Een tweede punt waarop Kleibeuker en wij van mening verschillen, is de waarde van het in Nederland veel voorgeschreven middel mebeverine. Naar de effectiviteit van dat middel is bedroevend weinig onderzoek gedaan, het verrichte onderzoek is van slechte kwaliteit en de effectiviteit van mebeverine wordt daarin zeker niet overtuigend aangetoond.1 Op grond van farmacokinetisch onderzoek bestaan er zelfs ernstige twijfels over de werkzaamheid van mebeverine in vivo.2 Het argument dat andere spasmolytica, die in Nederland niet verkrijgbaar zijn, wel effectief blijken te zijn, is volgens ons weinig steekhoudend, temeer daar er geen onderzoeken zijn verricht waarin mebeverine met één van die andere spasmolytica wordt vergeleken. Wij staan dan ook nog steeds volledig achter de uitspraak in de standaard dat medicijnen niet geïndiceerd zijn, met uitzondering van laxantia bij hardnekkige obstipatie.

H.E. van der Horst
F.S. Boukes
W.J.J. Assendelft
Literatuur
  1. Horst HE van der. Het prikkelbaredarmsyndroom: is er plaats voor medicamenteuze therapie? Geneesmiddelenbulletin 2002;36:15-21.

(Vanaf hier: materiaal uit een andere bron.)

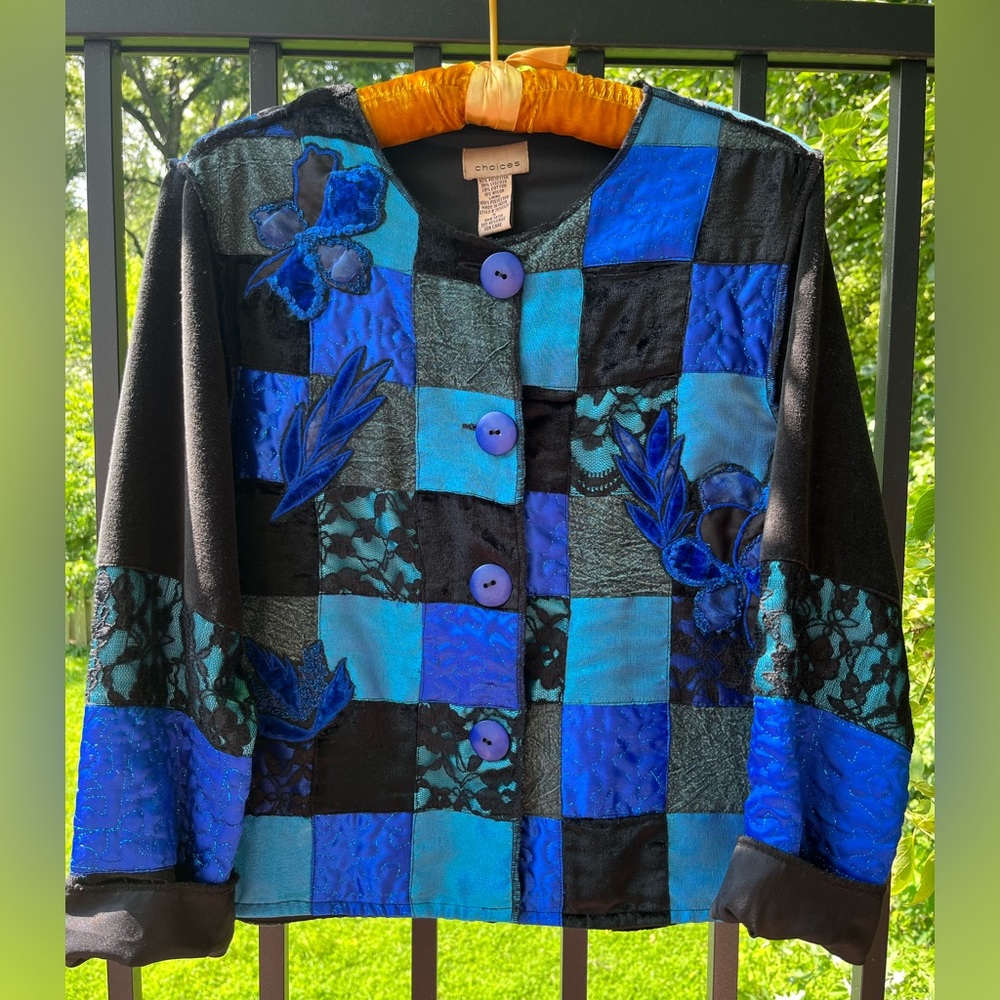 Vibrant Quilted Blazer Jacket Size S by Choices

  2. Mebeverine (Duspatal) bij een prikkelbare darm? Geneesmiddelenbulletin 1998;32:133-4.

J.H.
Kleibeuker

Groningen, juni 2002,

Van der Horst et al. stellen, naar aanleiding van mijn commentaar (2002:790-1) op de NHG-standaard ‘Prikkelbaredarmsyndroom’,1 dat uitleg geven over veronderstelde mechanismen, zoals viscerale hypersensitiviteit en gestoorde darmmotiliteit, somatische attributies in de hand werkt en dus dient te worden vermeden. Ik ben het daarmee niet eens.

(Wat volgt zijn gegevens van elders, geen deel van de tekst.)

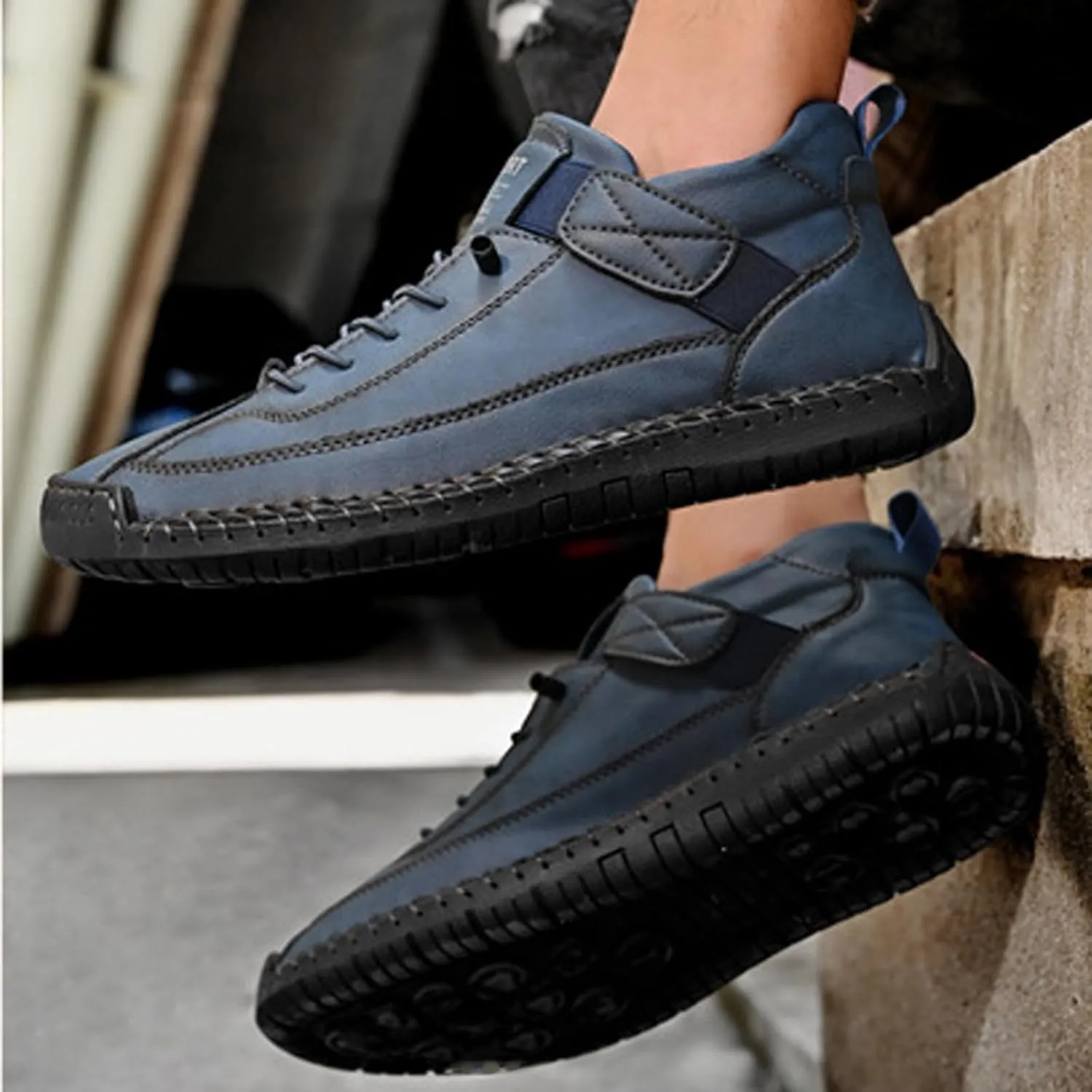 Men's Hook & Loop Hand Stitching Chukka Boots,Lightweight Leather Slip On Loafers Low Hiking Ankle Boots Lace-Up Comfort Non-Slip Boots For Outdoor Camping & Driving Booties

In de eerste plaats is het woord ‘verondersteld’ niet op zijn plaats. Zoals ik in mijn commentaar schreef, zijn er tal van onderzoeken die aangeven dat genoemde mechanismen een belangrijke rol spelen bij functionele buikklachten, zoals het PDS; daarnaast zijn er andere factoren, waaronder psychosociale. De patiënt met functionele buikklachten wil weten hoe het komt dat hij/zij die klachten ervaart. Verhalen over spanning en stress geven hem/haar het gevoel dat de dokter de klachten niet serieus neemt, dat deze denkt dat het ‘tussen de oren zit’ en eigenlijk niet weet wat hij/zij ermee aan moet. Juist een uitleg over de manier waarop dergelijke factoren – onder andere psychosociale, maar ook bijvoorbeeld een darminfectie – persisterende klachten van de buik kunnen geven of verergeren, maakt het voor de patiënt een te accepteren geheel. Daarbij zal de arts moeten benadrukken dat er voor een dergelijk ingewikkeld probleem, waaraan zoveel factoren kunnen bijdragen, geen simpel medicijn beschikbaar is, en dat de patiënt er vooral zelf aan moet werken, samen met de arts en anderen, om het probleem tot acceptabele proporties terug te brengen. Een waarlijk holistische benadering is mijns inziens in dezen te verkiezen boven een schijnholistische benadering.

J.H. Kleibeuker
Literatuur
  1. Horst HE van der, Meijer JS, Muris JWM, Sprij B, Visser FMPB, Romeijnders ACM, et al. NHG-standaard Prikkelbare darm syndroom (irritable bowel syndrome). Huisarts Wet 2001;44:58-65.